[[ Records for the task open ]]

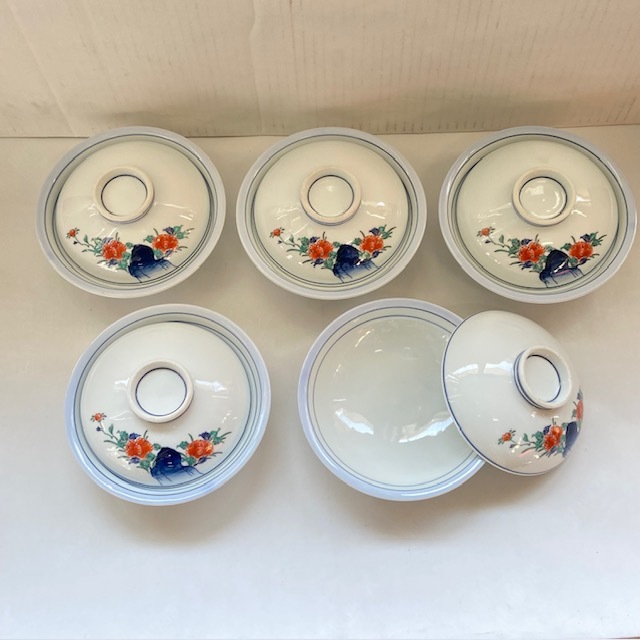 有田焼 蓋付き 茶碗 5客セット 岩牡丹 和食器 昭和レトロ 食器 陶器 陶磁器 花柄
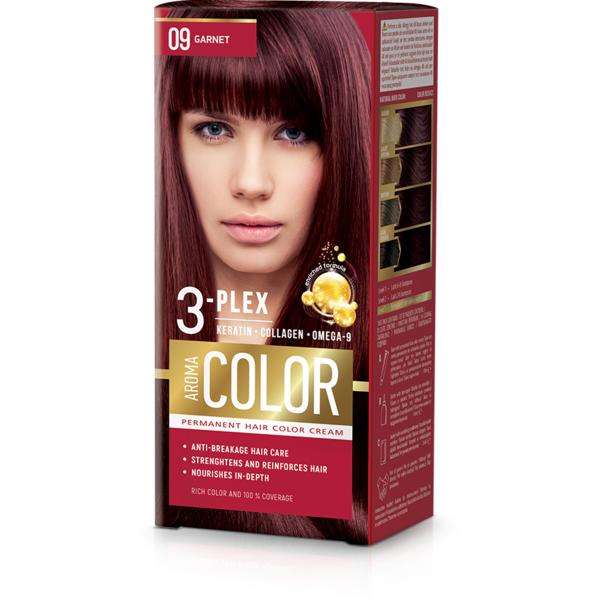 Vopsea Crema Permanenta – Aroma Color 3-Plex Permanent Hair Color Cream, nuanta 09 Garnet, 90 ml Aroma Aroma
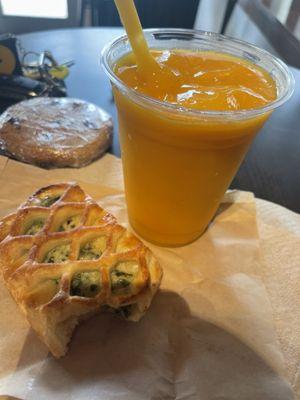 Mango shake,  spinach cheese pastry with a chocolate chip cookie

[[ Records for the task closed ]]
[[ Records for the task open ]]

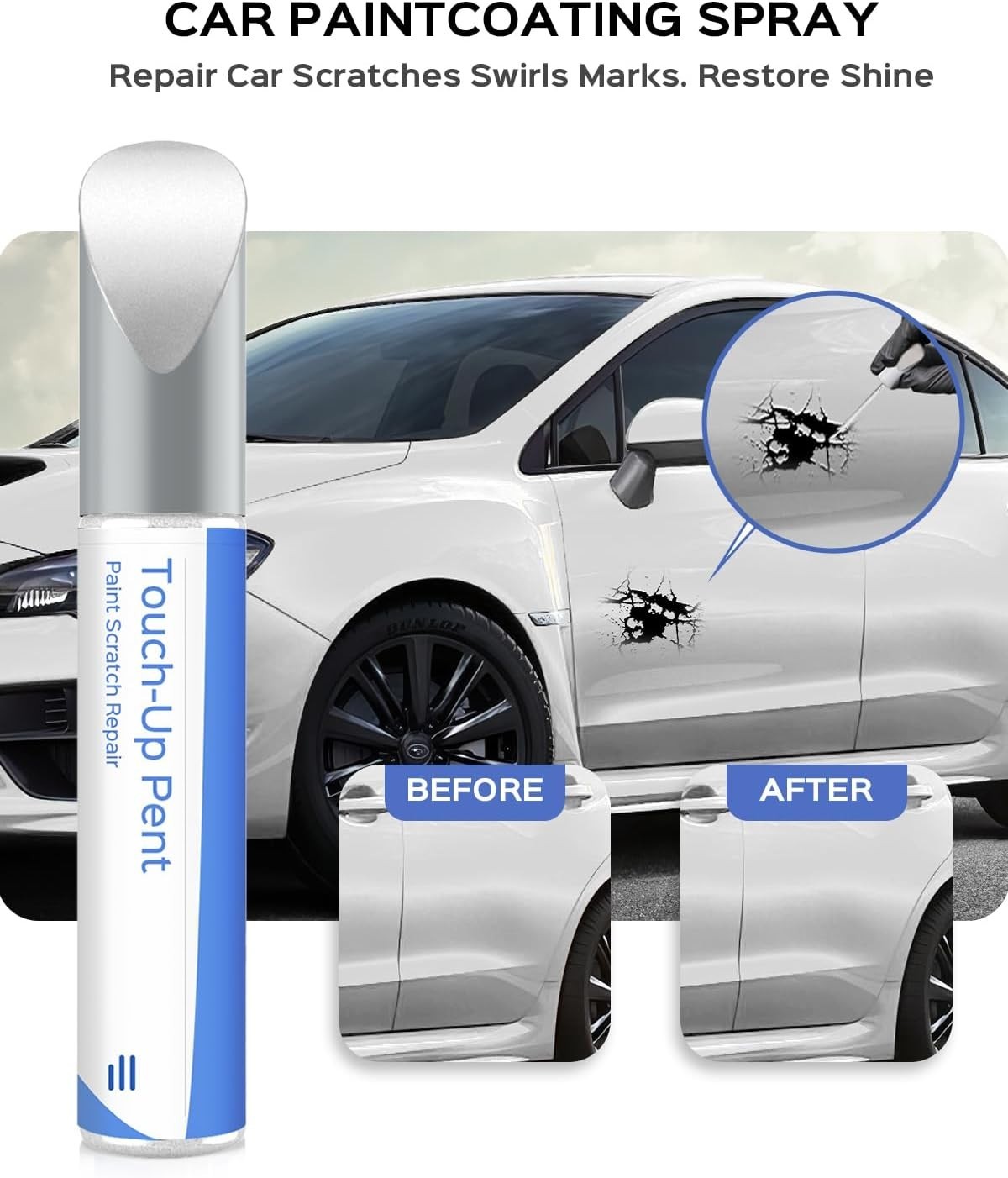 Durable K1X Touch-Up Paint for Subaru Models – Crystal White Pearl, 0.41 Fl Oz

[[ Records for the task closed ]]

What needs to be done –
Make an exact copy of the lines above, beginning with the line with "有田焼 蓋付き 茶碗 5客セット 岩牡丹 和食器 昭和レトロ 食器 陶器 陶磁器 花柄" and ending with the line with "chocolate chip cookie", and keep the pictures out of it.

Solution for this task –
 有田焼 蓋付き 茶碗 5客セット 岩牡丹 和食器 昭和レトロ 食器 陶器 陶磁器 花柄
 Vopsea Crema Permanenta – Aroma Color 3-Plex Permanent Hair Color Cream, nuanta 09 Garnet, 90 ml Aroma Aroma
 Mango shake,  spinach cheese pastry with a chocolate chip cookie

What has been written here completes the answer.